I imagine these are obvious questions, and that Thompson has answers to them, so I’ll be on the look out. Let me quickly just mention three ideas I like: 1) there is a hint that Thompson is saying that actions are meaningful insofar as they are part of and presuppose something like a life-world or ‘form of life’ (his phrase; i don’t know if he means it in a technical sense). Obviously my interest in phenomenology explains why it’s interesting to perhaps find Thompson striking upon an idea already quite developed by that school. 2) not unrelated to (1), I’m interested in his claim that actions are essentially temporally stretched. As I said in my past post, this I think is something that the historian implicitly assumes, but is not something I find central to the action theory I have read (maybe it’s more common than I’ve seen; i haven’t read gobs.). 3) Actions are causes of themselves. This is the closest Thompson gets in what I’ve read so far addressing Roman’s (3) above. He says, eg., that building a house is intentional just in case it is a cause of its own parts (temporal phases or organs), eg., laying pipe becomes intentional because it is explicable as part of the act of building a house. But then--in what he acknowledges is cavalier--since everything, including an action, just constituted by its parts, that actions are therefore causes of themselves. This is clever, but I’m waiting to see it filled in.
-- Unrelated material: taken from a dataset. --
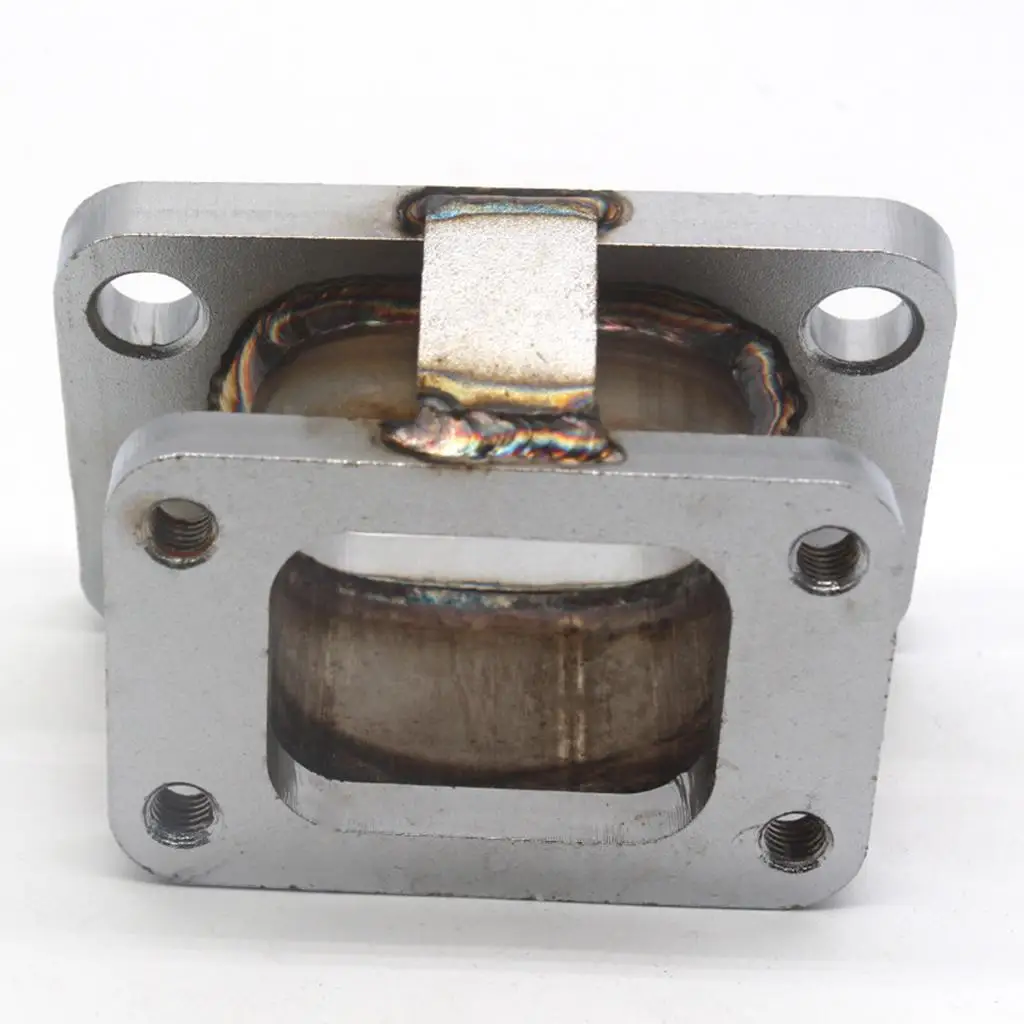 Переходник от стали к выпускному коллектору T3 фланец фланцу T2 T25 T28 1 шт.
Question: Think you can explain what exactly is at stake in the 'minimum movible,' 'minimum sensible' and 'maximum insensible' discussion? Why can't it be the case that actions bottom out into non-action-parts? Was that even the point?

1 comment:

  1. I don't have a substantive comment, but I have appreciated and benefited from the discussion ya'll are having about Thompson's challenging book.